Information supplied:
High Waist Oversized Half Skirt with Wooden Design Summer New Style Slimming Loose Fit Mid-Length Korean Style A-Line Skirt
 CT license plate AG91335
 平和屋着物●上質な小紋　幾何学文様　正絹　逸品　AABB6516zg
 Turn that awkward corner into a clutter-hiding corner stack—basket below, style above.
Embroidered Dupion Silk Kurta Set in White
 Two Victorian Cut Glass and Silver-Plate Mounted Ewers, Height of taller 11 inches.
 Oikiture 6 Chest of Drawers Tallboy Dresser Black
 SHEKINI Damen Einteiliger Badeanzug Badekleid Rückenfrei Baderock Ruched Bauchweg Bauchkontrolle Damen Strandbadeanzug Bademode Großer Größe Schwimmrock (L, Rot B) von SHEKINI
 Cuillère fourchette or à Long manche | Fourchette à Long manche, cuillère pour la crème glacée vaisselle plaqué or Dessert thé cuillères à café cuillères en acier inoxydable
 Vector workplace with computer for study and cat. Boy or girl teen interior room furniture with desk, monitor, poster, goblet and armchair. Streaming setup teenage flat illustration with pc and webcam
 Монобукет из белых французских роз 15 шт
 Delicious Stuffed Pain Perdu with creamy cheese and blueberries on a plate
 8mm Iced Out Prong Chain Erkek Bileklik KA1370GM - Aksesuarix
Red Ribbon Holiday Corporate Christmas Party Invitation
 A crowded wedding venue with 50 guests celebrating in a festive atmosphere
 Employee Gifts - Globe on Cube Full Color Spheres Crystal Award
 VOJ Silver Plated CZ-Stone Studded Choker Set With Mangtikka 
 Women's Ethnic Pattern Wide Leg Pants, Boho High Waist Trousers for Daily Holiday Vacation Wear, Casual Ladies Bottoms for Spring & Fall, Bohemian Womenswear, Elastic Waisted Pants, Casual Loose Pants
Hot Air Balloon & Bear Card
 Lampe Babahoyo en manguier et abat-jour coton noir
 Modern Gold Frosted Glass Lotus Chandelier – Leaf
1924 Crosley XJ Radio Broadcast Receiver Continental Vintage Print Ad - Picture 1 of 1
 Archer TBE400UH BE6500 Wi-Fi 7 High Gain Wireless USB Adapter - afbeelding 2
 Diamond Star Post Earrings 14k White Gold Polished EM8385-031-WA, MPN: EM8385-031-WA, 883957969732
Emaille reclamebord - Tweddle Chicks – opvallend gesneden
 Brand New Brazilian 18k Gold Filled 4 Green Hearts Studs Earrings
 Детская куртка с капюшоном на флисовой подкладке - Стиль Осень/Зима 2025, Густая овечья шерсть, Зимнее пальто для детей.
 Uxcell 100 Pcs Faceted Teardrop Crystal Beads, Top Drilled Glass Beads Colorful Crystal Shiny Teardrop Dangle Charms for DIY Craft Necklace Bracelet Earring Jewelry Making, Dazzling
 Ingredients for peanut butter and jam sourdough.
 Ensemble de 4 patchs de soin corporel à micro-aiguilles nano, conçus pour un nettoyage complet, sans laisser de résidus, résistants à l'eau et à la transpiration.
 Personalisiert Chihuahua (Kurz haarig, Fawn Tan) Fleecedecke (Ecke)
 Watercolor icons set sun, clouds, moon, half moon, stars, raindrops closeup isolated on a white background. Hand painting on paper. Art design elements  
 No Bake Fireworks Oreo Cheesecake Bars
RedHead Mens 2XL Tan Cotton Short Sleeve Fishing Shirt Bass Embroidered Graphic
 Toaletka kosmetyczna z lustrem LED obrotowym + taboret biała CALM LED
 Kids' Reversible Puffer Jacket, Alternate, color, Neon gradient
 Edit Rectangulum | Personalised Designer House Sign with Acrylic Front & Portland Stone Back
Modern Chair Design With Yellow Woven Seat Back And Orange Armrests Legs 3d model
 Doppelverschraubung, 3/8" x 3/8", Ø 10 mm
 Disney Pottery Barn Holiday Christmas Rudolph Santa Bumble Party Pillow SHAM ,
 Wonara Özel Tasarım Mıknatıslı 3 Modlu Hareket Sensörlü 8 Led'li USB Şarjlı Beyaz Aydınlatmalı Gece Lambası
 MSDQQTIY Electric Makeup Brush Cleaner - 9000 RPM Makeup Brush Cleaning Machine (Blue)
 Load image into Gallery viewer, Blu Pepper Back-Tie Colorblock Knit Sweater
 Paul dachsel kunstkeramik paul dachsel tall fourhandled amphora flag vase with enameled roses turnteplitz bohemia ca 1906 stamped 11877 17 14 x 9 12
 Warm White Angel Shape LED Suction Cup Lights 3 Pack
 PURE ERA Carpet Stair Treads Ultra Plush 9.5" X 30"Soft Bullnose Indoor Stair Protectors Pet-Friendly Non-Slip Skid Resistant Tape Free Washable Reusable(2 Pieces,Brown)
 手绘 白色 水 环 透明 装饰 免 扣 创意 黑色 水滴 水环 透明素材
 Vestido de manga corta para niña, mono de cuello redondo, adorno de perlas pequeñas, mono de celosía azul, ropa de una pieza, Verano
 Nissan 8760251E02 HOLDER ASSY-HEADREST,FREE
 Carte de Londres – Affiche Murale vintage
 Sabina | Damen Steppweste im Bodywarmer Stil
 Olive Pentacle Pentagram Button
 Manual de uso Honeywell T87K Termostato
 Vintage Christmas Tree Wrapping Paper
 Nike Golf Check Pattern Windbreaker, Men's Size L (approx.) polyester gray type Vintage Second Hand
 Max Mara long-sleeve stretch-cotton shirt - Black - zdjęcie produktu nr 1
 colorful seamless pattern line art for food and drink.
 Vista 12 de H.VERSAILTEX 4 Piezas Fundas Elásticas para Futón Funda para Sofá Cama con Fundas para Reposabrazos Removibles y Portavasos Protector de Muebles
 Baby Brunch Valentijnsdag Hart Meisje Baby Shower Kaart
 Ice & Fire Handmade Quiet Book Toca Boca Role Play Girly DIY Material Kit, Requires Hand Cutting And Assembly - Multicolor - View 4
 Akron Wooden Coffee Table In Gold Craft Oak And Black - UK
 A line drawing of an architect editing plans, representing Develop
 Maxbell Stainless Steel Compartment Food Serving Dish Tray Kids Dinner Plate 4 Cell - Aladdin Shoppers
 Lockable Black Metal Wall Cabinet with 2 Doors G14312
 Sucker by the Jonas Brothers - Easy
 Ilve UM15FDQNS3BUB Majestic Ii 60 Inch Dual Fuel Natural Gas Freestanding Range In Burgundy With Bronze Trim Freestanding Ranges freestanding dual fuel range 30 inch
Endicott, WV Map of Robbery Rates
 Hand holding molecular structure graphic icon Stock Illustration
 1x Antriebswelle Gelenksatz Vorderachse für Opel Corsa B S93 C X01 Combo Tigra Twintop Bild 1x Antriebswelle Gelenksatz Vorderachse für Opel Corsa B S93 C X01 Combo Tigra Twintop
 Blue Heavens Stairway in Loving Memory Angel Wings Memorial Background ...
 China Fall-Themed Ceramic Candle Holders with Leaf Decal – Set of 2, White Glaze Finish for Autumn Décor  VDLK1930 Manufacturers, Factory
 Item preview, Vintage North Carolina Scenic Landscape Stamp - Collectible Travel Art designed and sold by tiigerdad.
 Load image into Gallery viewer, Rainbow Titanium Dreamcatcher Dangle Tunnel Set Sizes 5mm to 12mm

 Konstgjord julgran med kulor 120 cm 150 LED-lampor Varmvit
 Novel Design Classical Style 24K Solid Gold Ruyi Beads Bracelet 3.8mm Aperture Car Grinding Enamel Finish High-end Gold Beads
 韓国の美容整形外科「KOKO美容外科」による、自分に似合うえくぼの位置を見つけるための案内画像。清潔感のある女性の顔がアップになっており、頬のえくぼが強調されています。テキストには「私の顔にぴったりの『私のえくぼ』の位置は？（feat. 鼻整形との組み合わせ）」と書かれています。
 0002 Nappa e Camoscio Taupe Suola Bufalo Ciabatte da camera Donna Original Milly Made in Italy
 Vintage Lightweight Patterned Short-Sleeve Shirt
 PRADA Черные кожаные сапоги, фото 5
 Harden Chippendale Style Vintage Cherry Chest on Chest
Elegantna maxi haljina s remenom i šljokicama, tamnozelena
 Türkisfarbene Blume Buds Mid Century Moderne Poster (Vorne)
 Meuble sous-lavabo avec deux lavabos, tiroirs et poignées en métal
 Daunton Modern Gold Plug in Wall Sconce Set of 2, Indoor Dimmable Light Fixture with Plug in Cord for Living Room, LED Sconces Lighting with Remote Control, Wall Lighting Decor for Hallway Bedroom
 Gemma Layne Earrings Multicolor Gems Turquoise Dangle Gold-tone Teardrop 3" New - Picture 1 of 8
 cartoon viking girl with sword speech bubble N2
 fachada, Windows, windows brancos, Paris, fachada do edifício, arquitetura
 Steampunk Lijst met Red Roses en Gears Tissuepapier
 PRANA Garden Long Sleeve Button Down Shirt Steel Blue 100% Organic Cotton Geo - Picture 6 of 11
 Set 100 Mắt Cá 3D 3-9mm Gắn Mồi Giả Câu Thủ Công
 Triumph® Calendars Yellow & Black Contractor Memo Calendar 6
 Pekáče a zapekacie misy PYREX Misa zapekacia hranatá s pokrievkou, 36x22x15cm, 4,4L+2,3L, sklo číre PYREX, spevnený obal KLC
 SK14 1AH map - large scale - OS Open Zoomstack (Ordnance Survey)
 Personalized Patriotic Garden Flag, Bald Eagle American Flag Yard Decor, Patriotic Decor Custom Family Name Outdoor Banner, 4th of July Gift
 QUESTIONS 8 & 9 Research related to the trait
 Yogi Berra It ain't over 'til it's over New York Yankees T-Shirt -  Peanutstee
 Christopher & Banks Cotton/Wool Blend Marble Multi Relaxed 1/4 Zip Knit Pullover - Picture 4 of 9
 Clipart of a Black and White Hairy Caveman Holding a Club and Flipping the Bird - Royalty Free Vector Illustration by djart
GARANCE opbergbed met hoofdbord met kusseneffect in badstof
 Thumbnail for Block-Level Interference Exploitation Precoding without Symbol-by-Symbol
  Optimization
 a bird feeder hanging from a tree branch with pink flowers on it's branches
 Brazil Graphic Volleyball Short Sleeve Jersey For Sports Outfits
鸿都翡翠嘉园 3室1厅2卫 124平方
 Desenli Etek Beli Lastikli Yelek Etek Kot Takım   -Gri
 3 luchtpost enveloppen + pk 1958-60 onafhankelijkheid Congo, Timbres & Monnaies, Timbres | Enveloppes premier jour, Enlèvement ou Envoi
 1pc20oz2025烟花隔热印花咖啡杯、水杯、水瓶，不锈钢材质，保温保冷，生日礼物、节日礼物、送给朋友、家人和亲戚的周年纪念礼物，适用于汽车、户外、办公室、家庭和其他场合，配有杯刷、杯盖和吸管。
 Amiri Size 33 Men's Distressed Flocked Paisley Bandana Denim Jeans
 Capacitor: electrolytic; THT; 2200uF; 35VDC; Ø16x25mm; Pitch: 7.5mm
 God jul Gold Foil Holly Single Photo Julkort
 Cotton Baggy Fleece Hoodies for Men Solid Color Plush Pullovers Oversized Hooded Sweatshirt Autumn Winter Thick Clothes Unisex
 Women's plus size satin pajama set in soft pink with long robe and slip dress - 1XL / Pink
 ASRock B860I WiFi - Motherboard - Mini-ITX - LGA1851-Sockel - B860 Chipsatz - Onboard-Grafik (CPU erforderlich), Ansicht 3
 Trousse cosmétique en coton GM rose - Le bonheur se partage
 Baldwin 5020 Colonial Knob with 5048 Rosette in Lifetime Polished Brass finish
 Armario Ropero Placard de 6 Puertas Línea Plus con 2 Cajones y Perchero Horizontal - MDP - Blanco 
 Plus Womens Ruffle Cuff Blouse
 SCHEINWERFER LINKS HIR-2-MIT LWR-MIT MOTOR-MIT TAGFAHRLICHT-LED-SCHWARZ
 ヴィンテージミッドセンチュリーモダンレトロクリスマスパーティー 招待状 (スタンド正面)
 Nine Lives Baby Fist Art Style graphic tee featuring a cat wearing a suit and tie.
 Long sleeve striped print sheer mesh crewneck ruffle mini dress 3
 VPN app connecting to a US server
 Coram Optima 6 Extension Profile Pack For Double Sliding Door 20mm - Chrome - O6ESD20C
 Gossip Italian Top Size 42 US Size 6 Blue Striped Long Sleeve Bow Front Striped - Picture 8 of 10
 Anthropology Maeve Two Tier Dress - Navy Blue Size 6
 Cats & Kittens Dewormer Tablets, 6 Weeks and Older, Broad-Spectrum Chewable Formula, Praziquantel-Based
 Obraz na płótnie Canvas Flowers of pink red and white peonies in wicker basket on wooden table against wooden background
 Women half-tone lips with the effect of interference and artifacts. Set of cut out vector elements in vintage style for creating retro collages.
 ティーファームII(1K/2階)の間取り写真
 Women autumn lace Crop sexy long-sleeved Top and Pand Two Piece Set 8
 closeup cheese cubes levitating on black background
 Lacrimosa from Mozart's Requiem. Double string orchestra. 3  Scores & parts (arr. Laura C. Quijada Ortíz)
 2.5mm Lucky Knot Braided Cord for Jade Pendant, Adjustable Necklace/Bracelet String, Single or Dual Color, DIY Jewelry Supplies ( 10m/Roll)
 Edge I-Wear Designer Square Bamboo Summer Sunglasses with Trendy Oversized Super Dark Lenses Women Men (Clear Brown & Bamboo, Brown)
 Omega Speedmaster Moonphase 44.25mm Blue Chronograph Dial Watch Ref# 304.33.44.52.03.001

What you should do: Give the exact lines, and only those, from the line containing "Sabina | Damen Steppweste im Bodywarmer Stil" through the line containing "Max Mara long-sleeve" in the entries above.

Task answer:
 Sabina | Damen Steppweste im Bodywarmer Stil
 Olive Pentacle Pentagram Button
 Manual de uso Honeywell T87K Termostato
 Vintage Christmas Tree Wrapping Paper
 Nike Golf Check Pattern Windbreaker, Men's Size L (approx.) polyester gray type Vintage Second Hand
 Max Mara long-sleeve stretch-cotton shirt - Black - zdjęcie produktu nr 1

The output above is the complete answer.